#### [RECORDS FOR PROCESSING]
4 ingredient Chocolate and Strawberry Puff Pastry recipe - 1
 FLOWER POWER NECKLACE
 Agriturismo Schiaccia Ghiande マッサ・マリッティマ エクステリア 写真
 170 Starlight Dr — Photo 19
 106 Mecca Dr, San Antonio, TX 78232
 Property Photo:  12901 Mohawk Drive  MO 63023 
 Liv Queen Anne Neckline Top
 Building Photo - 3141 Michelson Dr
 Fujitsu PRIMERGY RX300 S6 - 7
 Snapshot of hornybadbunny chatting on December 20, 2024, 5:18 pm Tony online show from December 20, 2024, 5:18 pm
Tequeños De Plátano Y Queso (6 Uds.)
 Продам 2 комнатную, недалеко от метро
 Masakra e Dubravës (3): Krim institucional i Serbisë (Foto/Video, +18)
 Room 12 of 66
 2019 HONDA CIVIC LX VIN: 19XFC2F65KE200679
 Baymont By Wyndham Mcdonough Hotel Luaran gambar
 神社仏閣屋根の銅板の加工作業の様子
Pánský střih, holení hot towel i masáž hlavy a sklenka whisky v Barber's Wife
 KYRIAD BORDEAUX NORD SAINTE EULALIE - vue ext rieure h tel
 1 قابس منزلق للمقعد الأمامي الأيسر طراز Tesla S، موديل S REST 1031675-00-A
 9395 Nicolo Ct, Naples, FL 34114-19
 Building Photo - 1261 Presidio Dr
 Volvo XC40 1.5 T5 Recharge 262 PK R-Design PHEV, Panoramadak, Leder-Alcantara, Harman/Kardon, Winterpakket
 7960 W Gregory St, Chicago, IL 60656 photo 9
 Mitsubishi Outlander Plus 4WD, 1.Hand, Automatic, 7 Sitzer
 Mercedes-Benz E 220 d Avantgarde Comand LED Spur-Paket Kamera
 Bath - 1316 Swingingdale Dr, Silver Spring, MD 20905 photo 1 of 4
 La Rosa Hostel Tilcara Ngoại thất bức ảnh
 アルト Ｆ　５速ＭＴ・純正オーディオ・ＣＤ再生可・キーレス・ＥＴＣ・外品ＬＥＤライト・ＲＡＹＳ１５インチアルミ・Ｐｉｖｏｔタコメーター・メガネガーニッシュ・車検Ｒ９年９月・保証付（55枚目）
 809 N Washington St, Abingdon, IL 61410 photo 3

#### [EXERCISE DESCRIPTION]
Only the lines from the one containing "アルト Ｆ　５速ＭＴ・純正オ" through the end of the material should be copied, exactly as they stand; please keep both ends.

#### [EXERCISE RESPONSE]
 アルト Ｆ　５速ＭＴ・純正オーディオ・ＣＤ再生可・キーレス・ＥＴＣ・外品ＬＥＤライト・ＲＡＹＳ１５インチアルミ・Ｐｉｖｏｔタコメーター・メガネガーニッシュ・車検Ｒ９年９月・保証付（55枚目）
 809 N Washington St, Abingdon, IL 61410 photo 3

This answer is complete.